The Value of Curation

7 Takeaways is weird

So. Much. Information.
So. Much. Information. (Image:

I started 7 Takeaways it for myself, to “force” me to consume higher quality content more consistently. Apparently I start newsletters to make myself do things.

Curating for others was never on the agenda, not really. Besides, there are so many other curated newsletters, and many of them are so much better. Hell, I get some of my ideas from them!

I realized just recently that curation — especially from people who you resonate with — is an incredibly valuable service. Given the amount of information vying for our attention, and the number of sources from which it emanates, having someone point out their idea of the “good stuff” (or at least “the interesting stuff”) not only saves time, but exposes us to things we would never stumble across ourselves.

Then I realized while I have a few unintentional themes — philosophy and critical thinking are common topics I seem to be drawn to, for example — it’s a natural reflection of my own priorities and interests. Sometimes, it’s just curiosity.

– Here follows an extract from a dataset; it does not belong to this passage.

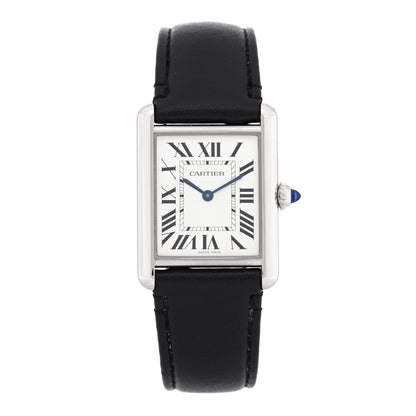 Cartier Stainless Steel Calfskin 25mm SolarBeat Tank Watch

Sometimes it’s acknowledgement of my pre-existing beliefs. Sometimes it’s a challenge for me to grow or learn something I think is important.

Then I realized themes often become agendas. I never set out to have themes, and I certainly didn’t have an agenda other than for myself. But now I also consider a different question: what do I want my audience to learn/do/read/think about? And how might that color what I consume, and my original “consume better shit” intent?

Then I realized (ok, this realization may have happened earlier in the sequence) that while I don’t have a target audience, other than myself, I do occasionally think of a few of the 40-somethings in my life, and think about what I might want for them.

So here we are, a couple of years after starting it. 7 Takeaways, both its own website and Substack newsletter, is now a weekly curation of things I’ve run across that I find interesting, but that I also hope will make a difference in the lives of the folks who follow along.

And now I think of them as well as I curate.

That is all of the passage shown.